There are more than 3,000 such blips waiting to be confirmed as planets, and not false positives.
David Armstrong, professor at the University of Warwick's department of physics, and lead author behind the new study, wanted to create an algorithm that would help astronomers sift through that data a lot faster.
"We wanted to develop this algorithm to work with ongoing missions," Armstrong tells Inverse.
"It's much faster and we can apply it to many more candidate planets."
The team of researchers trained the algorithm to recognize which planets are real and which are not by feeding it a large sample of confirmed planets and false positives. By spotting patterns in the data, the machine-learning system learned how to separate between the two categories.
Then the researchers used the algorithm on a dataset of thousands of unconfirmed planets, including ones gathered by NASA's Kepler mission.
The algorithm was able to confirm 50 new planets from the dataset.
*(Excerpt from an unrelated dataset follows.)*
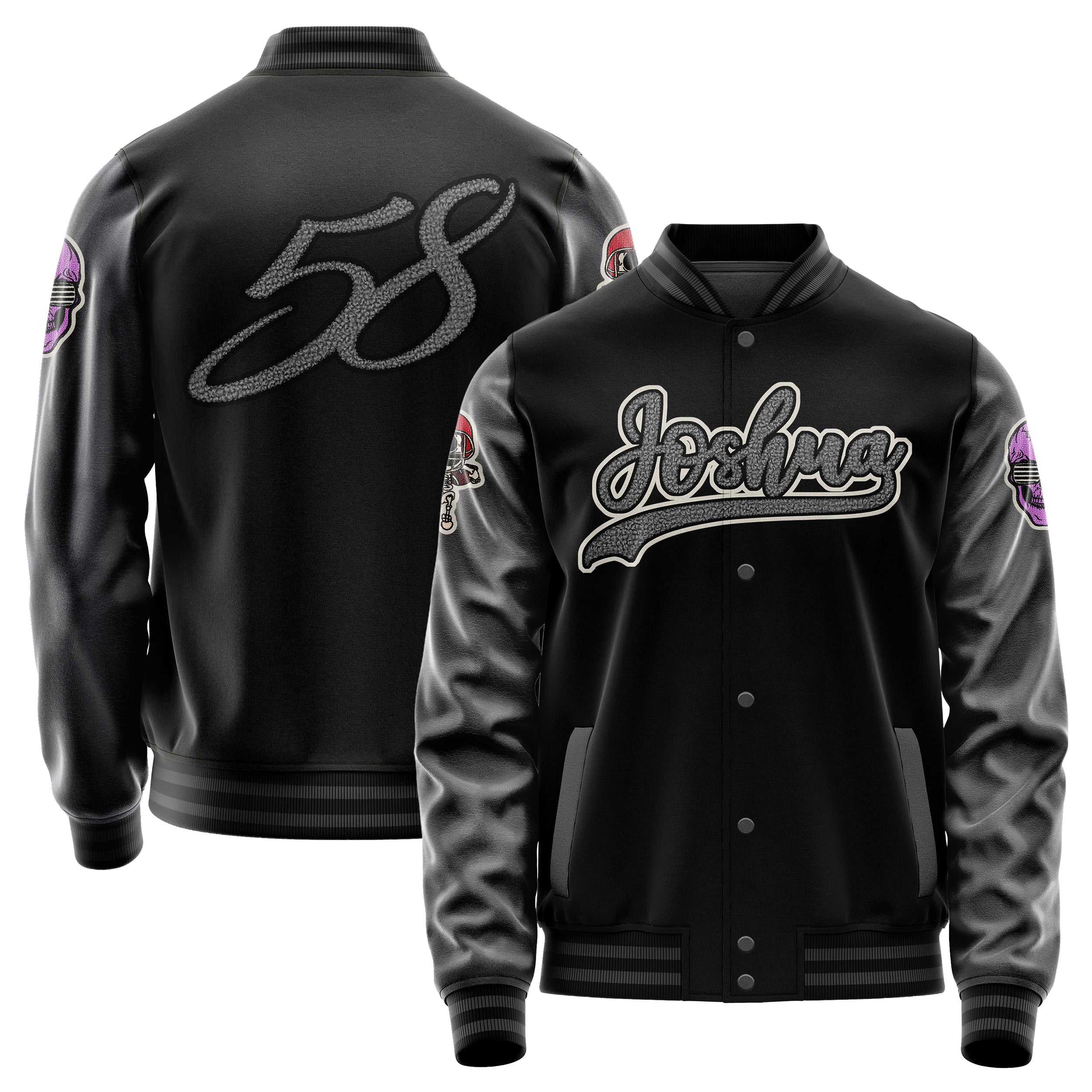 Custom Black Varsity Jacket Patches Dark Gray Leather Sleeves - Skull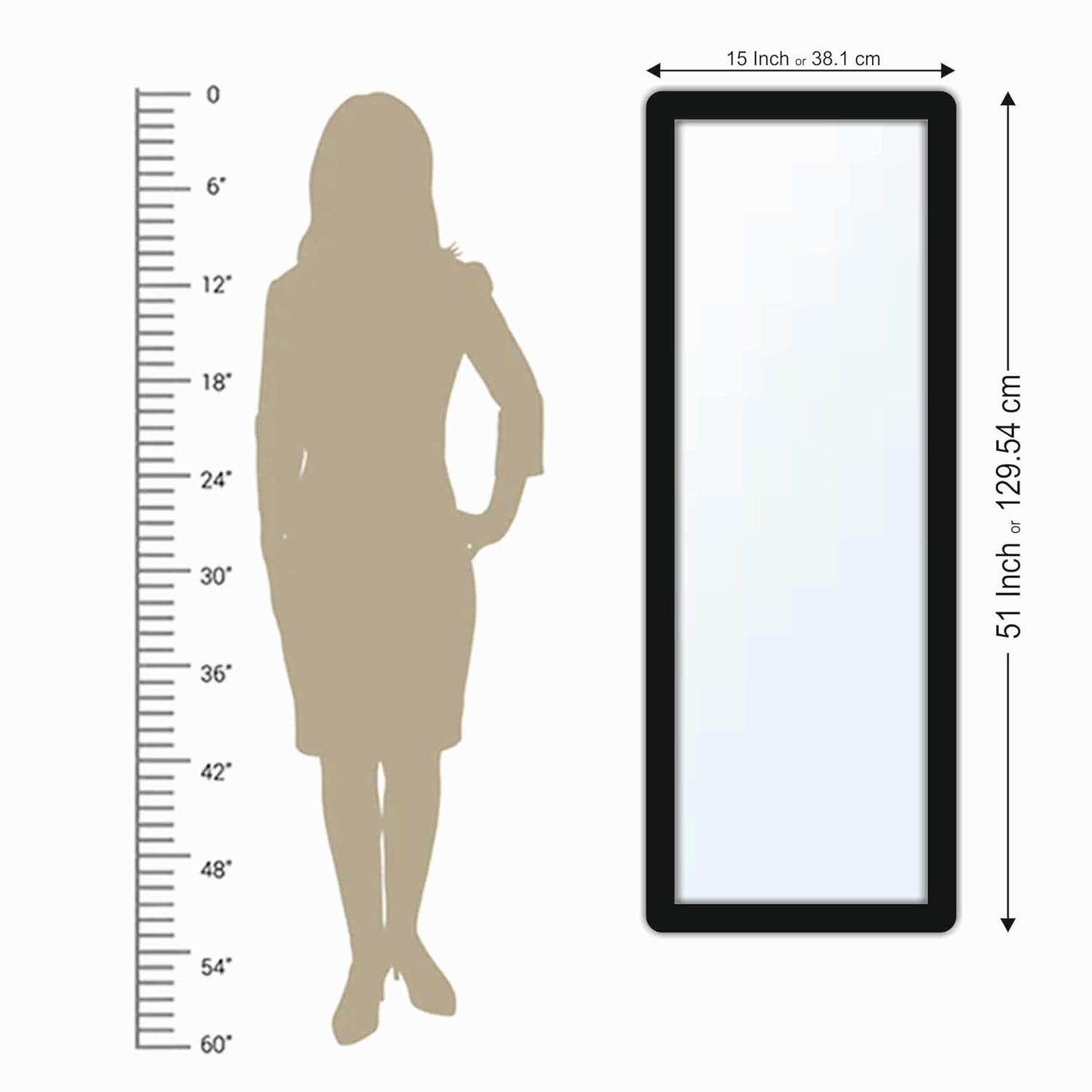 15x51 inch Full Length Dressing Cheval Mirror – Long Fiber Wood, Wall Hanging & Leaning Framed HD Mirror for Home Wall, Living Room & Decor Items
These planets range from Neptune-sized giants to ones closer to Earth in size, with orbits ranging from 200 days to one single day.
"What we've done differently than other machine learning techniques is trying to make it probabilistic, which ones are statistically likely to be planets rather than just ranking them," Armstrong says.
Previous machine-learning algorithms would rank exoplanets in terms of the chances of them being planets, but this new algorithm system determines the probability of each planet being a planet on its own.
"The 50 that came out were the ones that crossed the threshold of 99 percent probability of a planet," Armstrong says. "Those were the ones that crossed that line."
As new discoveries of exoplanets continue, the researchers will continue to feed the algorithm system more of these planetary candidates and it will progressively improve its skills. The faster it becomes to confirm real planets from fake ones, the faster we can follow up with these planets to search for habitability in the cosmos.
Abstract: Over 30% of the ∼4000 known exoplanets to date have been discovered using ‘validation’, where the statistical likelihood of a transit arising from a false positive (FP), non-planetary scenario is calculated. For the large majority of these validated planets calculations were performed using the vespa algorithm (Morton et al. 2016). Regardless of the strengths and weaknesses of vespa, it is highly desirable for the catalogue of known planets not to be dependent on a single method. We demonstrate the use of machine learning algorithms, specifically a gaussian process classifier (GPC) reinforced by other models, to perform probabilistic planet validation incorporating prior probabilities for possible FP scenarios. The GPC can attain a mean log-loss per sample of 0.54 when separating confirmed planets from FPs in the Kepler threshold crossing event (TCE) catalogue. Our models can validate thousands of unseen candidates in seconds once applicable vetting metrics are calculated, and can be adapted to work with the active TESS mission, where the large number of observed targets necessitates the use of automated algorithms. We discuss the limitations and caveats of this methodology, and after accounting for possible failure modes newly validate 50 Kepler candidates as planets, sanity checking the validations by confirming them with vespa using up to date stellar information. Concerning discrepancies with vespa arise for many other candidates, which typically resolve in favour of our models. Given such issues, we caution against using single-method planet validation with either method until the discrepancies are fully understood.